• PROVIDED DATA:
——
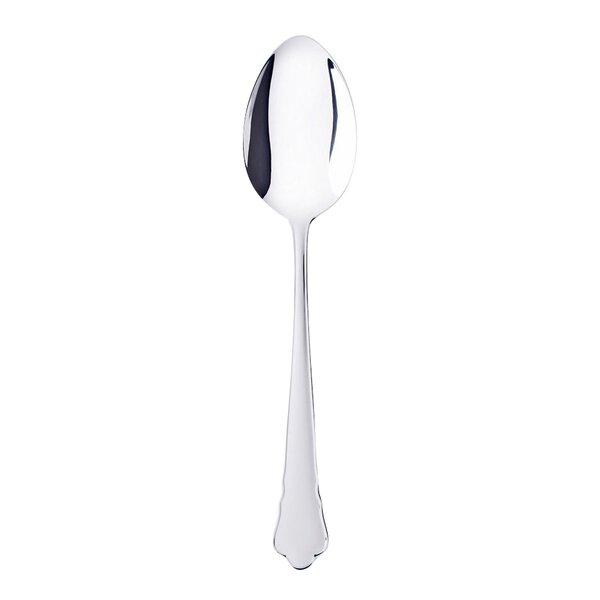 Gense Chippendale dessertskje 18 cm EPNS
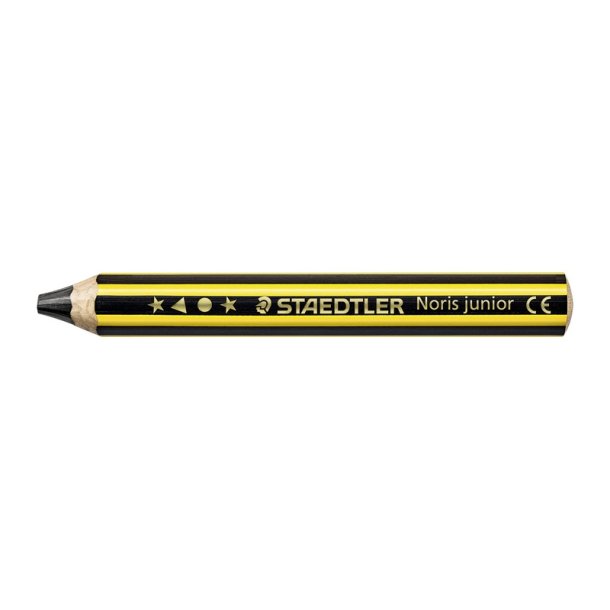 Staedtler Blyant Noris Junior 2B Til b�rn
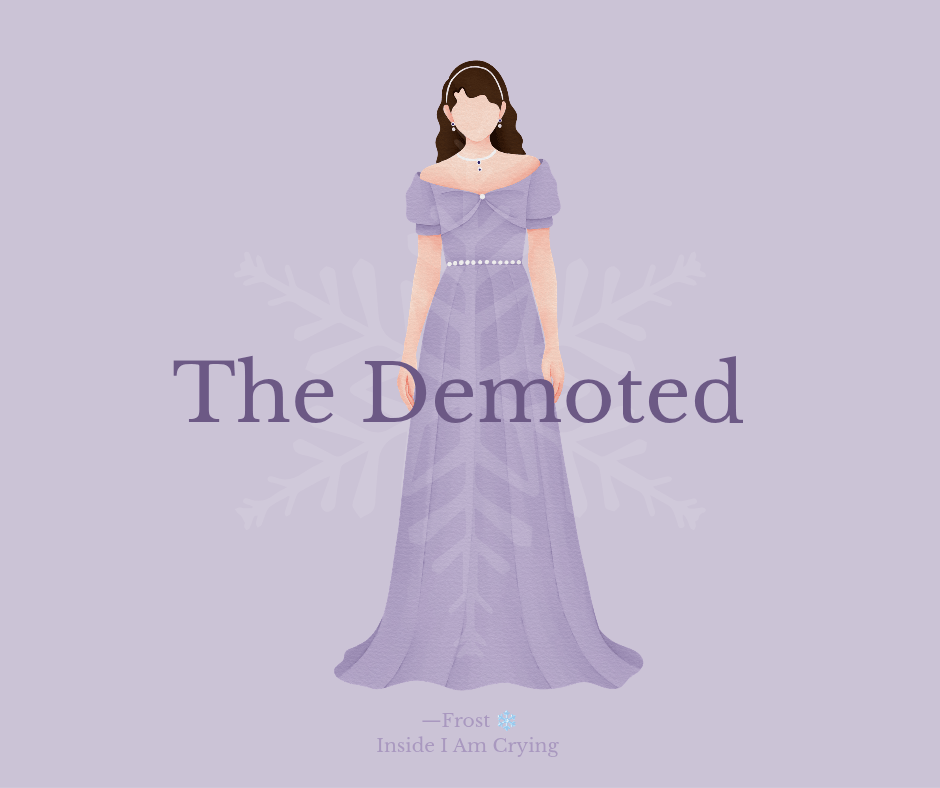 The Demoted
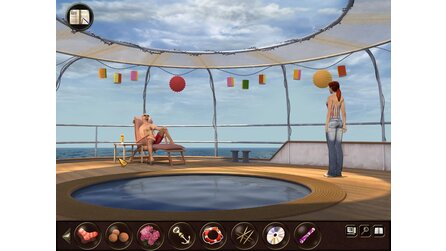 Geheimakte 2 - Eine Schiffsladung voll neuer Screenshots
——
• WHAT THE TASK ASKS:
Exactly reproduce the lines beginning at the one that contains "The Demoted" and ending at the final line of the material, with the pictures left out.

• PROBLEM SOLUTION:
 The Demoted
 Geheimakte 2 - Eine Schiffsladung voll neuer Screenshots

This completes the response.